How Google Earth helps provide realism for my thrillers

September 24, 2013 2:08 pm Published by Leave your thoughts

When I started my first thriller, Category 5, back in 2002, I wanted to make my story as realistic as possible by using incredible but plausible scientific premises and by choosing interesting locations from around the globe. In developing sites where my book action could unfold, I discovered Google Earth, a web-based system that provides satellite photos accessible by latitude and longitude.

Before and during my writing of Category 5, I visited as many chapter locations as I could. While on site, I imagined the action unfolding and documented the latitude and longitude using a Magellan Meridian handheld GPS receiver. When I returned home, I’d input these coordinates into Google Earth and save the images. For Category 5, I visited nearly all chapter locations, including Washington, DC; the state of Colorado; the Monterey, California, peninsula; Istanbul, Turkey; and the island of Bermuda. In Turkey, my wife and I ate at a restaurant (Pandeli) in the Spice Center where an important meeting occurs early in the book (Chapter 3).
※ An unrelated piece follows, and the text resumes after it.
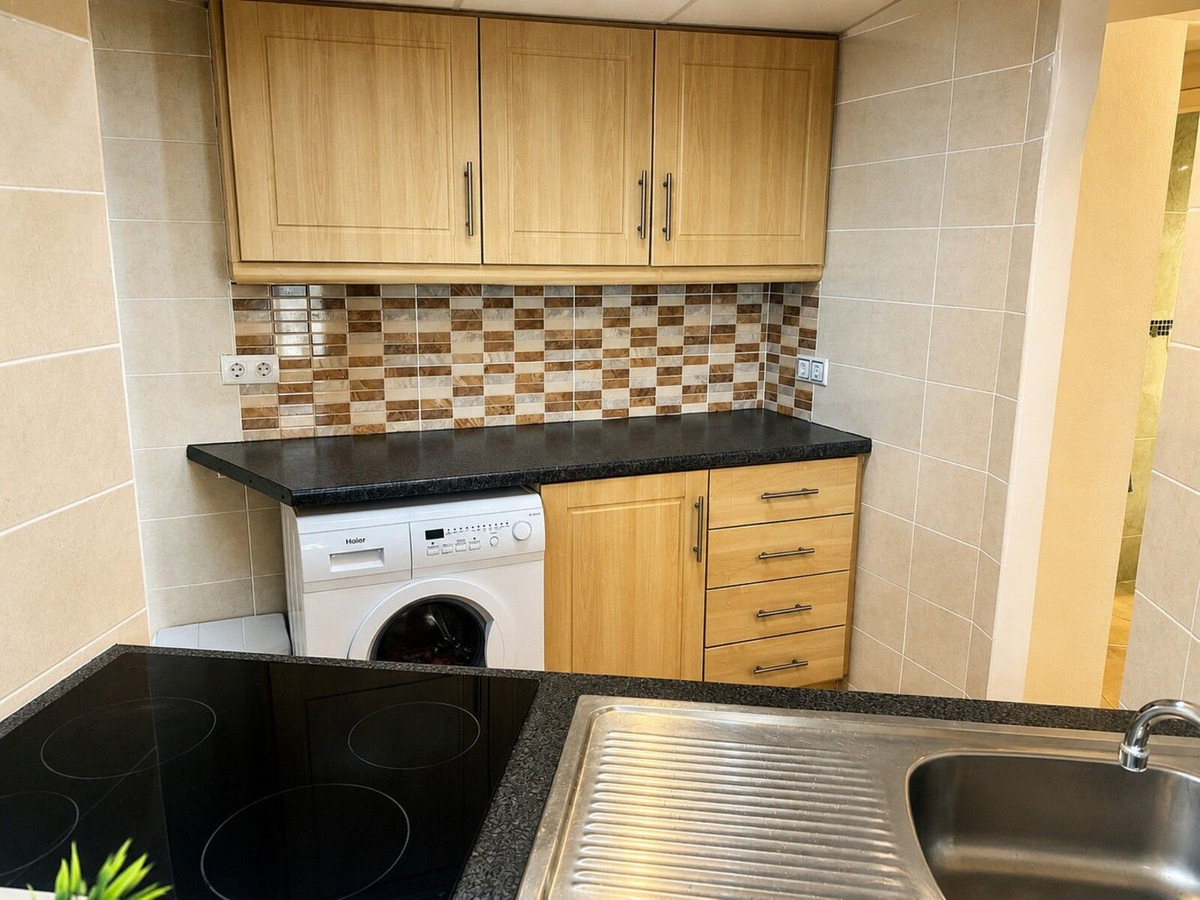 1 Bed Apartment for sale in Benalmadena Costa Costa Del Sol, Málaga, Spain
In Bermuda, we visited the Bermuda Weather Service where a few scenes take place; I needed to know the layout relative to the airport runway. Where there was no existing building or structure available to meet the needs of my story, I would “build” one. For example, where the final scene take place in Bermuda, my wife and I located a vacant lot that seemed to be an appropriate spot for the fortress structure that I depict in the book’s conclusion. If you go to https://paulmarktag.com/blog/?page_id=54 you’ll see all of the chapter images.

For my second thriller, Prophecy, I again visited most chapter locations; go to https://paulmarktag.com/blog/?page_id=8. The story begins in Pennsylvania near the Johnstown Flood National Memorial (near where I grew up); this memorial commemorates the famous Johnstown flood of 1889 when over 2200 people died. From there it moves to Washington, DC; the Monterey Peninsula; Emporia, Kansas; the Cairo, Egypt International Airport; and the Pittsburgh, Pennsylvania International Airport.

Which brings me to my latest thriller, White Thaw: The Helheim Conspiracy; images can be seen at https://paulmarktag.com/blog/?page_id=137. This story’s locations jump around the world even more: Berlin, Germany (in 1945); the Gremikha Naval Base on the Kola Peninsula in Russia; Monterey, California; Las Vegas, Nevada; Philadelphia, Pennsylvania; Cartagena, Columbia; Washington, DC; San Francisco, California; Reykjavik (and later, Keflavik), Iceland; McLean, Virginia (CIA); and finally, the Helheim Glacier in southeastern Greenland.

Regretfully, for White Thaw: The Helheim Conspiracy, I did not visit several key locations, notably Iceland or Greenland where much of the final action takes place. But my wife and I did scout out the site for the estate of the Müller family in Cartagena, Columbia. As it happened, as we were departing Cartagena on a Princess Cruise Ship, I observed a small peninsula that seemed a perfect spot for the palatial grounds of the Müller family, the antagonists in my book. When I got home, I downloaded the Google Earth image of that peninsula and laid out the buildings for my imaginary estate.

White Thaw comes to a dramatic conclusion in southeastern Greenland, above the Helheim Glacier, whose name appears in the title of my book. There is no point in providing a close-up Google Earth image for “Ice Station Helheim” because there is little to see but ice and snow. Instead, the Google Earth photograph I chose for display draws back to provide the reader a view of the glacier, surrounding waters, and my imagined location for the below-ice station where the bad guys are up to no good.

I realize that few of my readers will look at my Google Earth images as they read my books.  And why should they? If I’ve done my job properly, I’ve put into words pertinent details that I gleaned from my images while writing the book. That’s why they were important to me.